What to do:
Every line with the string "Parking" must be copied from the entries below.

-- Source material follows --

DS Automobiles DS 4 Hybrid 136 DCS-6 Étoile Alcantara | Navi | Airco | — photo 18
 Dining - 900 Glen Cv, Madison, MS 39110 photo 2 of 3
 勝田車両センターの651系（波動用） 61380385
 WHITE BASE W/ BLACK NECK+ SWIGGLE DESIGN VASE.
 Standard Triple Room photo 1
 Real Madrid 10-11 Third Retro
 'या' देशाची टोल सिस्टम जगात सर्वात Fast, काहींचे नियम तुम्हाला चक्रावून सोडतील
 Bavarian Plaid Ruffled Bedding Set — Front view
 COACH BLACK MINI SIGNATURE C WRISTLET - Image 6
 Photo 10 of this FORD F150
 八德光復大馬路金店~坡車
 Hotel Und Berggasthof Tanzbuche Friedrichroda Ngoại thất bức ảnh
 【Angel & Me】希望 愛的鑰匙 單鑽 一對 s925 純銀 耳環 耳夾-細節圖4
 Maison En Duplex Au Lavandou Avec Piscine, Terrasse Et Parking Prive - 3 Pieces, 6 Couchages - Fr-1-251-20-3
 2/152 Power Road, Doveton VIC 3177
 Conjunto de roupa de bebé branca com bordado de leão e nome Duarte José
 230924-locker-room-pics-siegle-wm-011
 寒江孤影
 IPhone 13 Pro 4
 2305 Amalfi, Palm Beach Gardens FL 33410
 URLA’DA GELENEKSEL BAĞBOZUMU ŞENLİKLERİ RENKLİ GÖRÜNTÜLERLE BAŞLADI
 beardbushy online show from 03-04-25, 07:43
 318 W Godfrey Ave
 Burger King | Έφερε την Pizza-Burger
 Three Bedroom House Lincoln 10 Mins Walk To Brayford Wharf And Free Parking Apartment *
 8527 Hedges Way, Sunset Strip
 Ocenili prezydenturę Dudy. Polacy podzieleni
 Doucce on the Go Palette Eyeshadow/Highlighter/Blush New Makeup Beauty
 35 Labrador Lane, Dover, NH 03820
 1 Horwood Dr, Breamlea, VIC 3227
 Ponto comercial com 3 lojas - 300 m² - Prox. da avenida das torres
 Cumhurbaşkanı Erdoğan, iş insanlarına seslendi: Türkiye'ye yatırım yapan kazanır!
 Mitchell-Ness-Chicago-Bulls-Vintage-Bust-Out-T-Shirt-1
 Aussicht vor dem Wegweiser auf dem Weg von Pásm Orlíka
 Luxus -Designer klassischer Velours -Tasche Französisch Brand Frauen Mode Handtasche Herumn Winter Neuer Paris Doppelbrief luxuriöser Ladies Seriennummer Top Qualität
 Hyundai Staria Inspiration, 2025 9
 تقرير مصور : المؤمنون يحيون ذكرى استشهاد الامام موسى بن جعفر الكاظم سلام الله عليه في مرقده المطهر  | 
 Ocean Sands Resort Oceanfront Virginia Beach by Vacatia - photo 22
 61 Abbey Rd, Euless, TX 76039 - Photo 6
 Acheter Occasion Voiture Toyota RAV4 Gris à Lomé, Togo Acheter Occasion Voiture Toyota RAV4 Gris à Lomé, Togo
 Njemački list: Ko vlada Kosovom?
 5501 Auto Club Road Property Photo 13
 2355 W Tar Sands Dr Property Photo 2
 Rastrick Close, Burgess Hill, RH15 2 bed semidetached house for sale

-- Source material concluded --

Answer box:
 Maison En Duplex Au Lavandou Avec Piscine, Terrasse Et Parking Prive - 3 Pieces, 6 Couchages - Fr-1-251-20-3
 Three Bedroom House Lincoln 10 Mins Walk To Brayford Wharf And Free Parking Apartment *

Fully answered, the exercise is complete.